======== EXERCISE INPUTS

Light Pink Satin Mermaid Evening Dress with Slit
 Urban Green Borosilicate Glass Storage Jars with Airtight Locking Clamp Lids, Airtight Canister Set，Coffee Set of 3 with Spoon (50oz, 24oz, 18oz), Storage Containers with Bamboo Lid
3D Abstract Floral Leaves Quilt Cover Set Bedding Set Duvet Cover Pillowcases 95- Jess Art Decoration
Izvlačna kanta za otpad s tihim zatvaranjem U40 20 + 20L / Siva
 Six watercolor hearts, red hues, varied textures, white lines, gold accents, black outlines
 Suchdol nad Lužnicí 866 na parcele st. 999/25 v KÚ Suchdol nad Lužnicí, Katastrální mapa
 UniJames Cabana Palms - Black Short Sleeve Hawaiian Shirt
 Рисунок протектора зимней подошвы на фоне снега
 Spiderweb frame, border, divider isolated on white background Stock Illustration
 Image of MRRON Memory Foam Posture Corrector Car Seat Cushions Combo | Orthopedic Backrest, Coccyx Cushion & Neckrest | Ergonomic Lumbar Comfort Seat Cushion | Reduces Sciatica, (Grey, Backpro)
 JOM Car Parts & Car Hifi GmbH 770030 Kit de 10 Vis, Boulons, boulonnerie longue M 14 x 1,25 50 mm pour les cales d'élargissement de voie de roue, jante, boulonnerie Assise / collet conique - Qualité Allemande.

================

» **ASSIGNMENT**
Give the lines of the material above again, exactly, from its first line through the line that contains "Spiderweb frame, border, divider" and no further.

» **EXERCISE OUTPUT**
Light Pink Satin Mermaid Evening Dress with Slit
 Urban Green Borosilicate Glass Storage Jars with Airtight Locking Clamp Lids, Airtight Canister Set，Coffee Set of 3 with Spoon (50oz, 24oz, 18oz), Storage Containers with Bamboo Lid
3D Abstract Floral Leaves Quilt Cover Set Bedding Set Duvet Cover Pillowcases 95- Jess Art Decoration
Izvlačna kanta za otpad s tihim zatvaranjem U40 20 + 20L / Siva
 Six watercolor hearts, red hues, varied textures, white lines, gold accents, black outlines
 Suchdol nad Lužnicí 866 na parcele st. 999/25 v KÚ Suchdol nad Lužnicí, Katastrální mapa
 UniJames Cabana Palms - Black Short Sleeve Hawaiian Shirt
 Рисунок протектора зимней подошвы на фоне снега
 Spiderweb frame, border, divider isolated on white background Stock Illustration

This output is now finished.